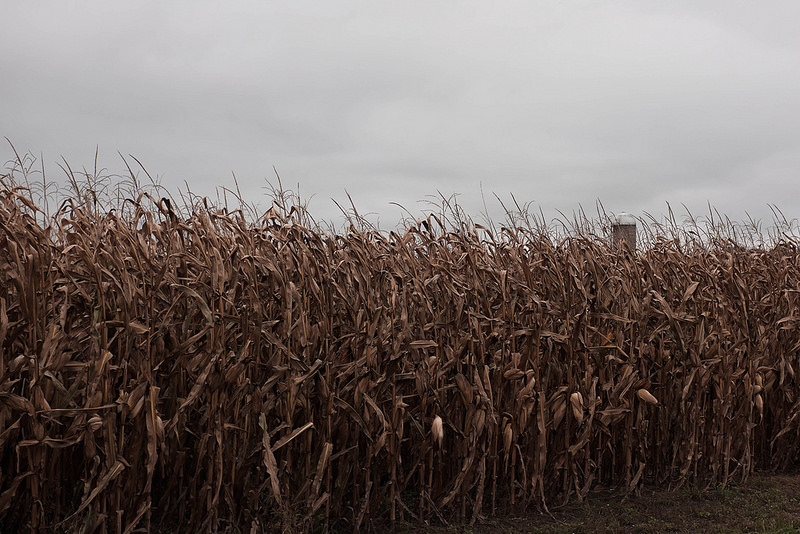 Corn_Silo_Fall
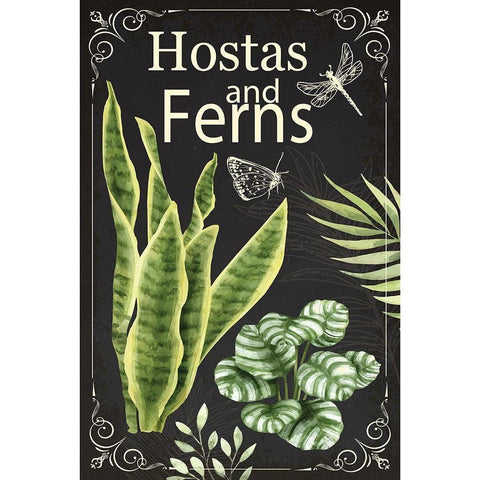 Hostas and Ferns White Modern Wood Framed Art Print by ND Art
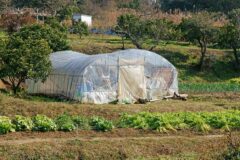 ビニールハウス施工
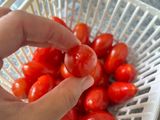 Cà chua bi ngâm nước mơ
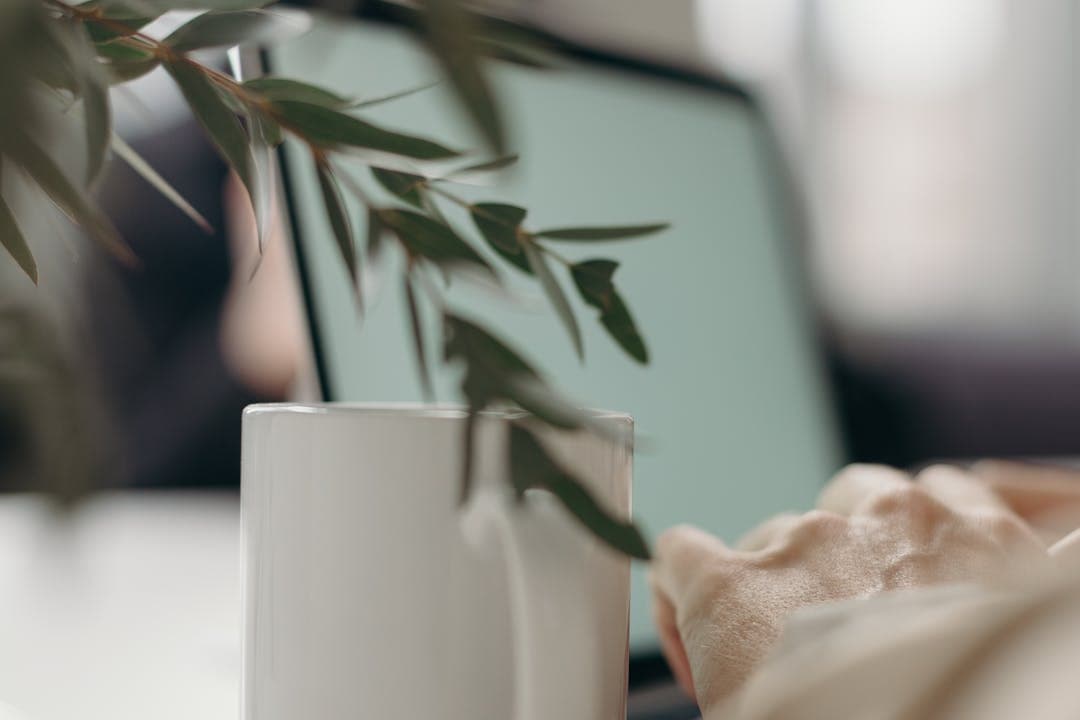 건강보험 환급금 지급일을 조회하며 여유를 즐기는 장면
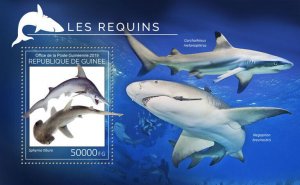 Guinea 2019 MNH Marine Animals Stamps Sharks Bonnethead Shark 1v S/S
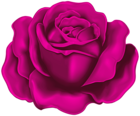 Rose PNG Fuchsia Clipart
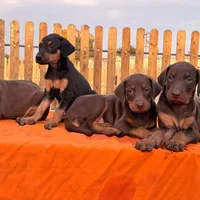 2نژاد قدرتمند توله  دابرمن اروپایی کنکورسو دو ماهه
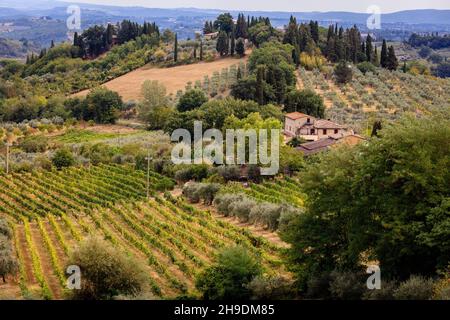 Vigneti nella cittadina toscana di San Gimignano, dove un vino bianco è ottenuto da uve vernaccia. Italia. Foto Stock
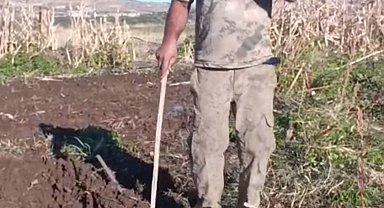 Çiftçiden bahçesini talan eden domuza tebessüm ettiren tepki: "Benden uzak durmadığın müddetçe kalemini kıracağım"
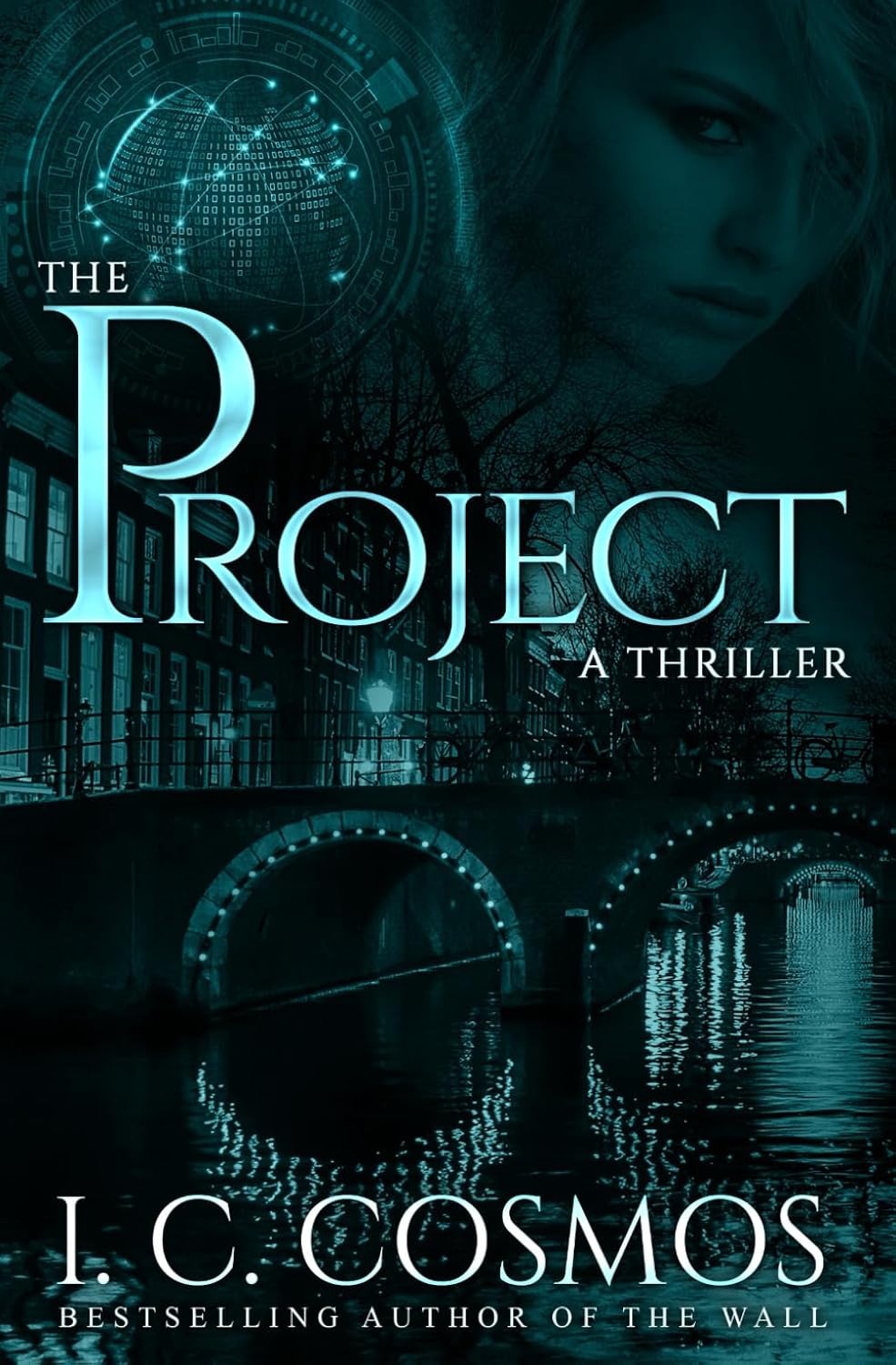 The Project (Helen Dillon Thrillers)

#### Exercise goal
Write out exactly, with no pictures, each line from the one containing "Vigneti nella cittadina" through the last line of the listing above, both included.

#### Worked solution
 Vigneti nella cittadina toscana di San Gimignano, dove un vino bianco è ottenuto da uve vernaccia. Italia. Foto Stock
 Çiftçiden bahçesini talan eden domuza tebessüm ettiren tepki: "Benden uzak durmadığın müddetçe kalemini kıracağım"
 The Project (Helen Dillon Thrillers)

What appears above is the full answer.